When his low-footprint catamaran (described in ReNew 120) was finally ready, Geoff Chia was unable to move aboard due to shore-based commitments. Instead, he asked Stef Palmer to boatsit for a few months. She gives us a ‘liveaboard’ report.

We are facing a mounting number of global challenges: resource depletion (especially petroleum), climate change, ecosystem damage and over-population. These problems are largely attributable to our over-consumption and wasteful habits. By some reckonings we would require the resources of between four and eight planet Earths if developing countries were to reach our current rate of over-consumption. Such an outcome is clearly impossible. As a result, enforced energy descent looms before us as an increasing threat to the world economy and to world peace.
The concept of voluntary contraction and convergence has been mooted as an equitable means of distributing Earth’s increasingly scarce resources. But how do we convince the rich world to make do with less? One way is to demonstrate the viability of pursuing a low-footprint lifestyle without compromising quality of life.
I embarked on the adventure of living aboard Geoff Chia’s Mahe 36 to help test and refine the boat’s systems for sustainable living. The past few months have been a crash course in sustainable technology and the logistics of living aboard. It’s been eye-opening and exciting for me, and I share my observations and experiences in the hope that these may inspire others to strive for a comfortable low-consumption lifestyle, whether on land or water.

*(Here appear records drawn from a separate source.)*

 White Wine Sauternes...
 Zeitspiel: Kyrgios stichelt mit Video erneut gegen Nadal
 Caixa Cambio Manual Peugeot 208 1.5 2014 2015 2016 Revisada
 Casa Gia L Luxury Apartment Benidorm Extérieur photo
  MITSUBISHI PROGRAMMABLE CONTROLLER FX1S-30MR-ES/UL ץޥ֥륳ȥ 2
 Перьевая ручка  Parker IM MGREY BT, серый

Generating, storing and inverting sufficient power proved to be the most significant challenge to demonstrating the possibility of a low-carbon, high-amenity lifestyle on the boat. The objective was to power a full suite of mod cons using the boat’s solar array. We managed to power all DC systems (e.g. the water pump, ultra-efficient fridge, low-current LED lighting) primarily on solar power. However, powering the washing machine, rechargeable vacuum cleaner and Mac laptop proved trickier. They require AC input and thus require the use of the high-power inverter and so draw significantly from the batteries.
There were a number of situations where I had to run the diesel engines to keep the batteries sufficiently charged. A few consecutive cloudy days and the slightest glitch, such as leaving on the inverter, a water tap (and hence pump) running continuously (a beginner’s mistake never to be repeated) or even falling asleep with a few LED lights on, and the batteries were soon depleted.

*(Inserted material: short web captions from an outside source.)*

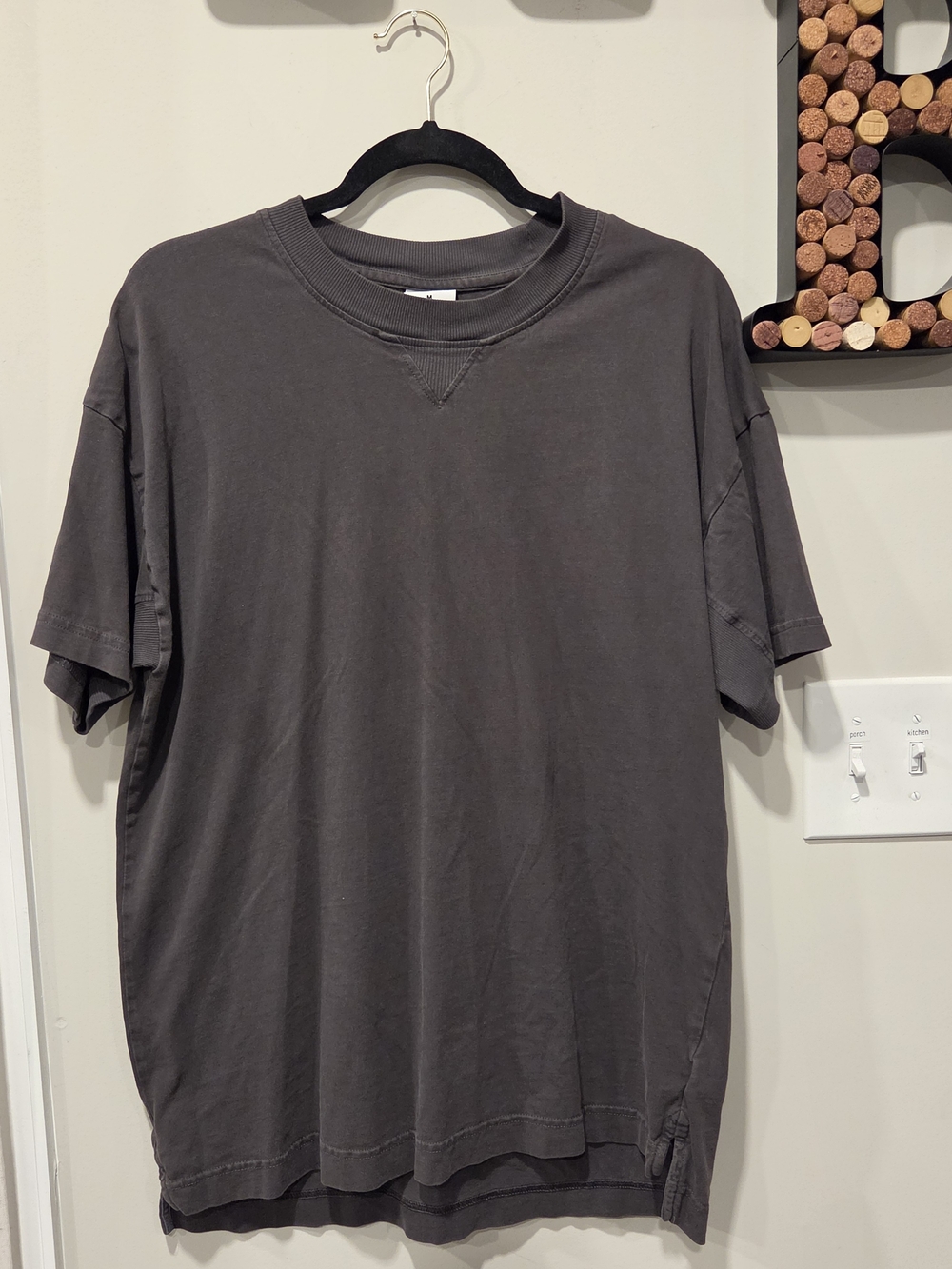 GYMSHARK Men's Shirt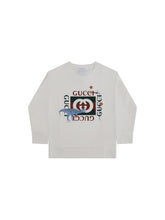 GUCCI 6Y cotton sweatshirt for boy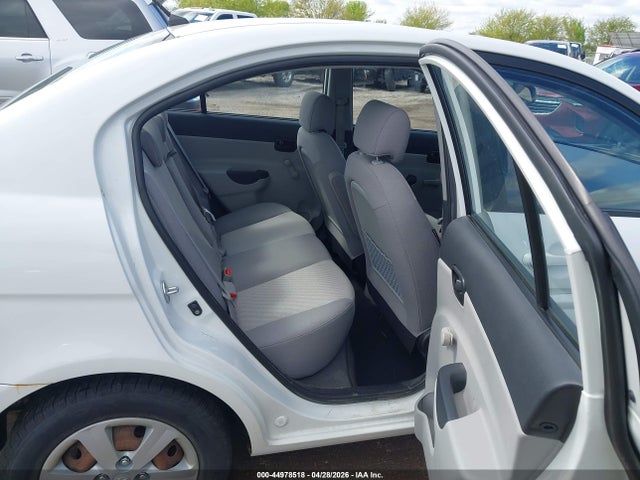 Продаж на аукціоні авто 2009 Hyundai Accent Gls, vin: KMHCN46C49U389296, номер лоту: 44978518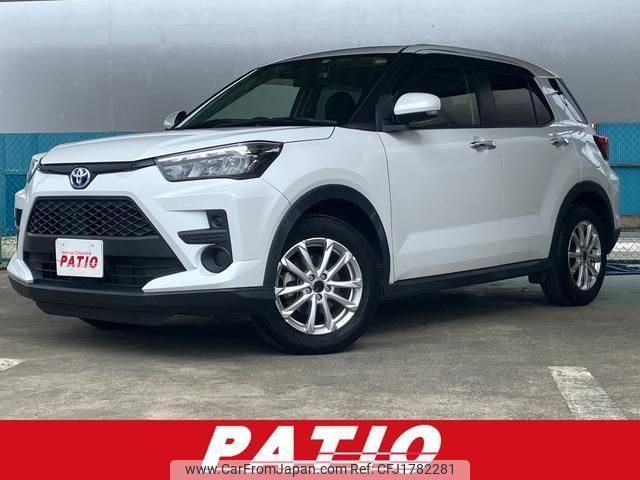 toyota raize 2022 CFJ1782281 image 1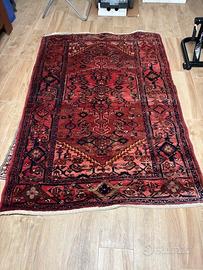 Tappeto Persiano colore rosso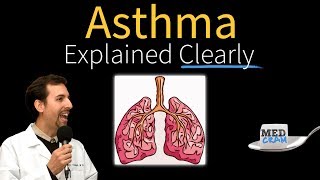 Asthma Explained Clearly Asthma Symptoms and Diagnosis [upl. by Eellehs309]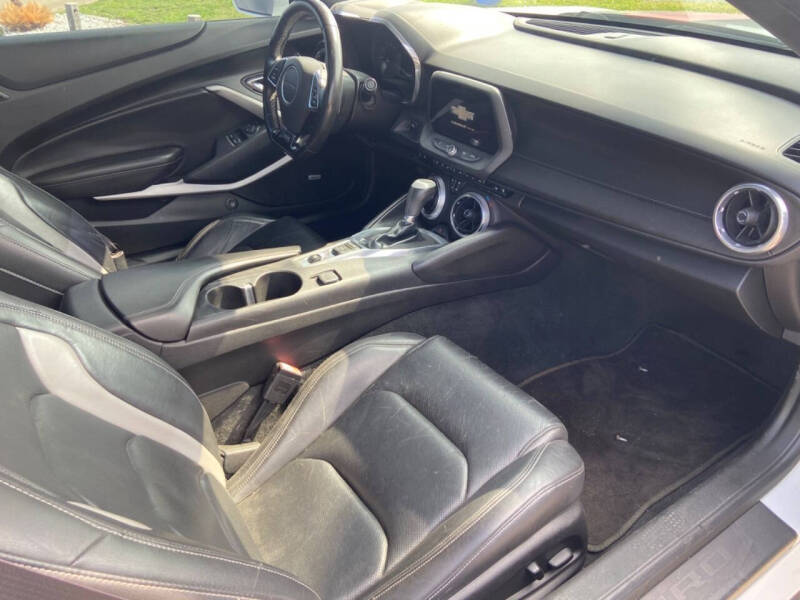2017 Chevrolet Camaro LT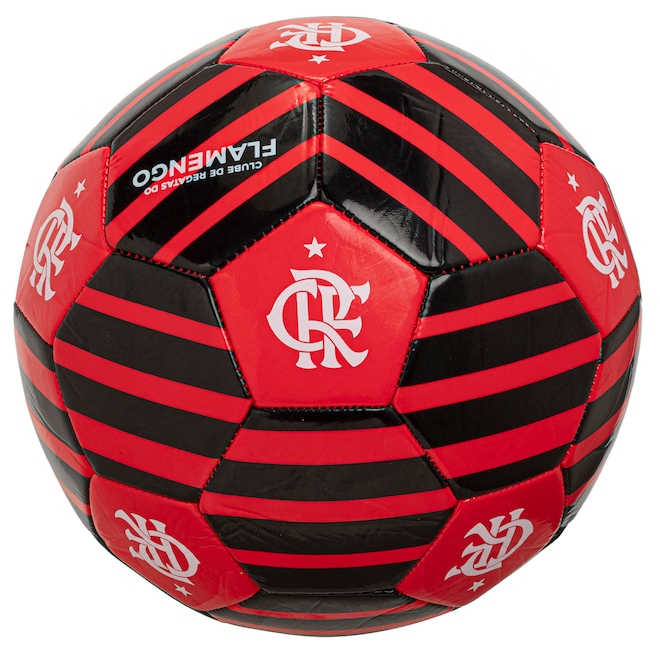 Bola de Futebol de Campo do Flamengo Sport Bel - Foto 1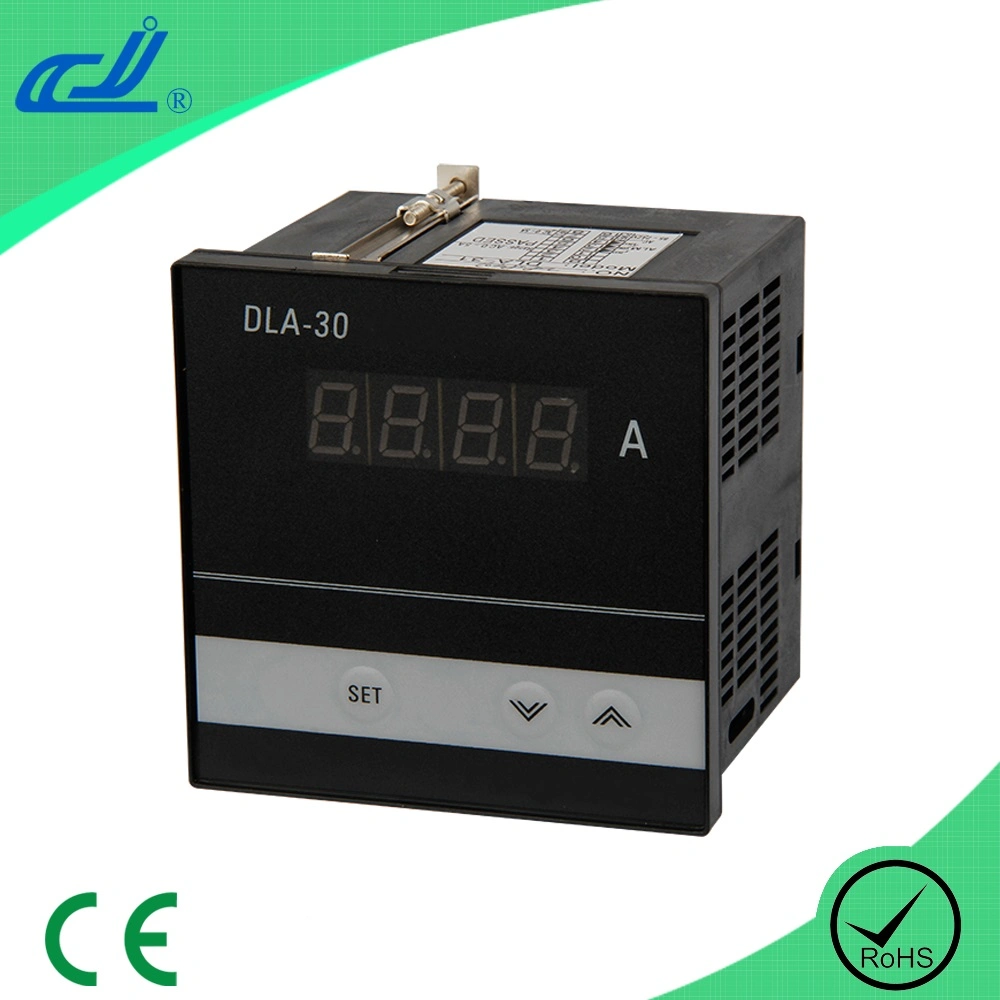 Intellective Electric Digital Ammeter (DLA-30)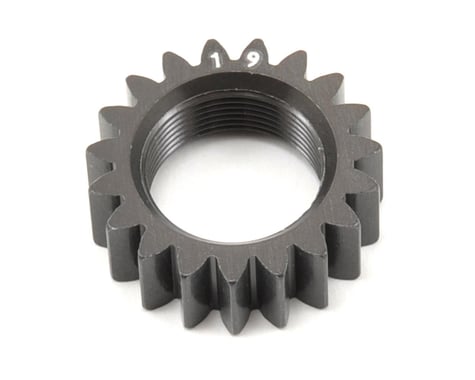 XRAY Aluminum Hard Coated Pinion Gear (19T) (2nd)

We used a DC to DC converter (eg 12 V to 9 V) or a low power inverter (150 W) rather than the built in 800 watt inverter where possible (depending on the electronic device in use) and thus reduced energy losses. I became rather strategic about timing my use of energy; I also switched from my colossal MacBook to a small notebook computer with much lower energy needs (but still with full multimedia functionality including digital HDTV).

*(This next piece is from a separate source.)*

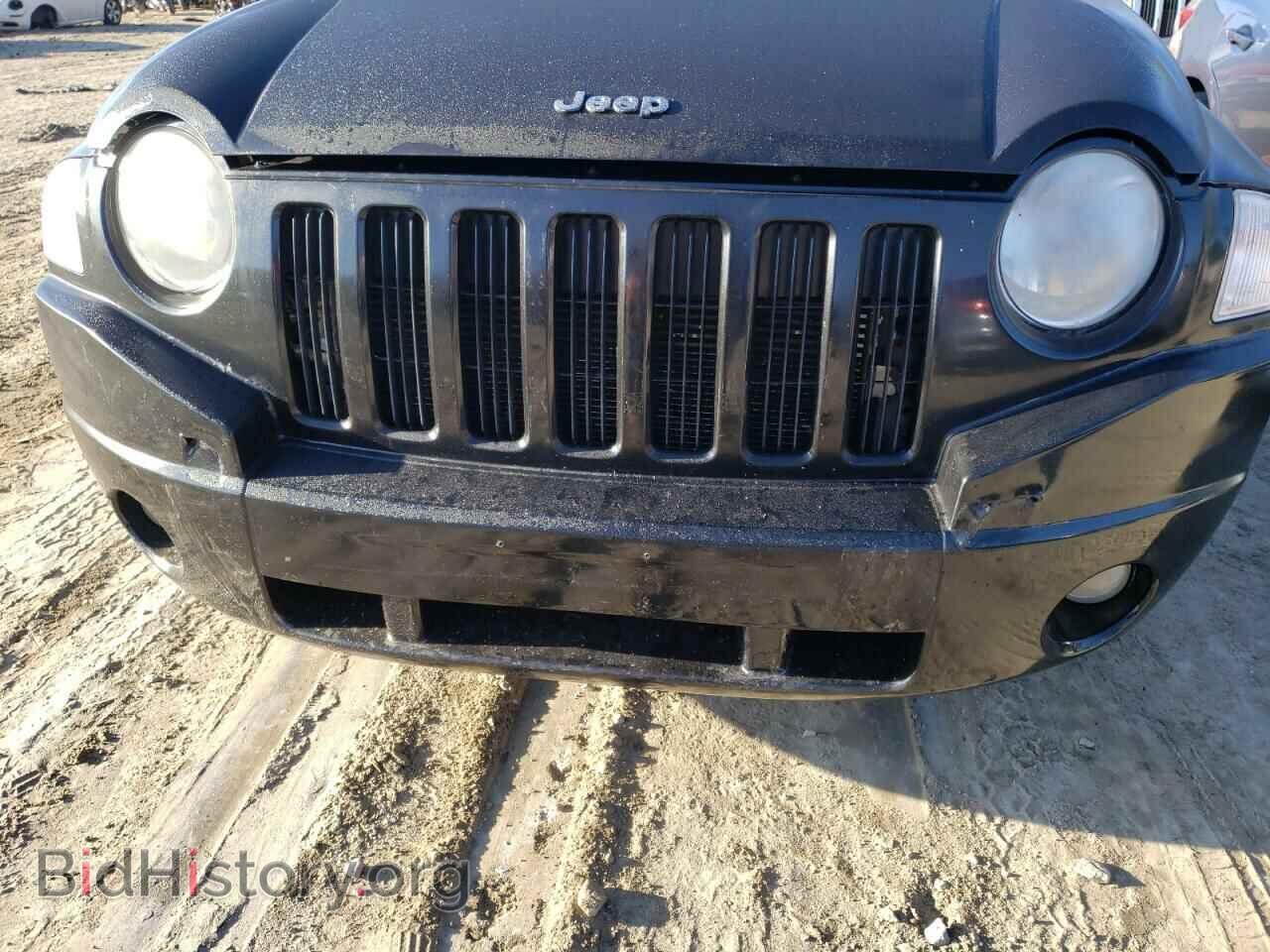 2008 JEEP COMPASS - VIN: 1J8FT47W68D697450 - Photo 10
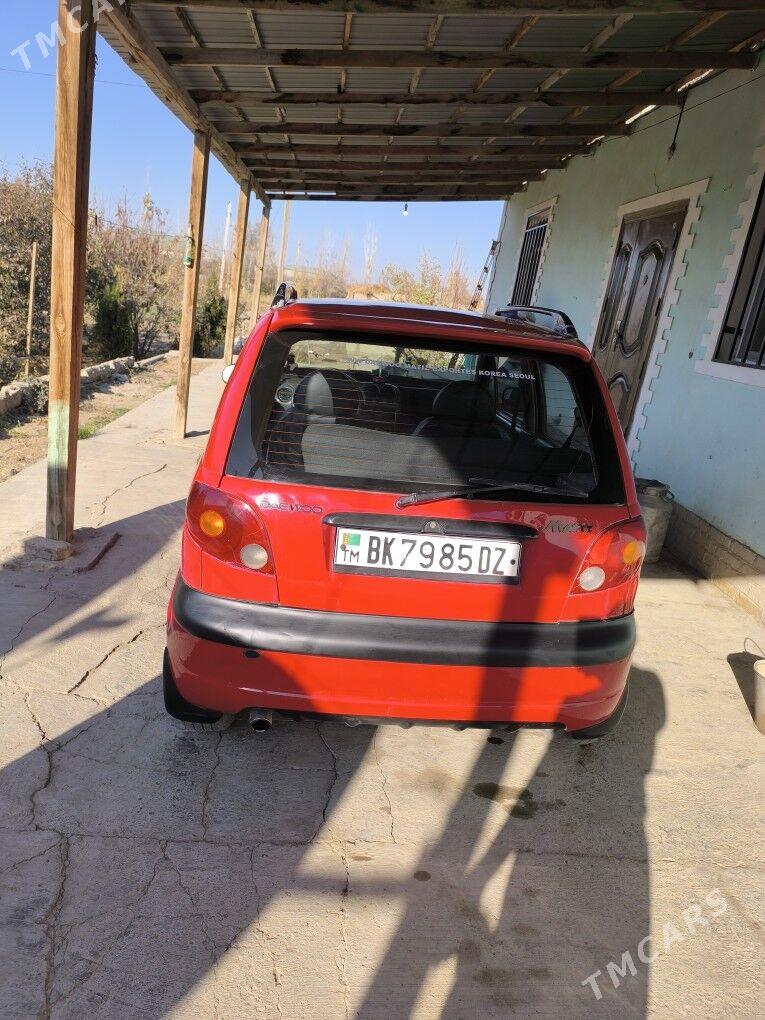 Daewoo Matiz 2004 - 38 000 TMT - Шабатский этрап - img 6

Spacing out laundry loads and charging appliances while ample direct sunlight was available were simple yet effective measures that helped reduce usage of the batteries. It became possible to go for weeks without needing supplementary charging, so long as the days were sunny. Additional solar power and storage is still on the drawing board, to ensure sufficient energy is available without the need to run the engine after a couple of cloudy days.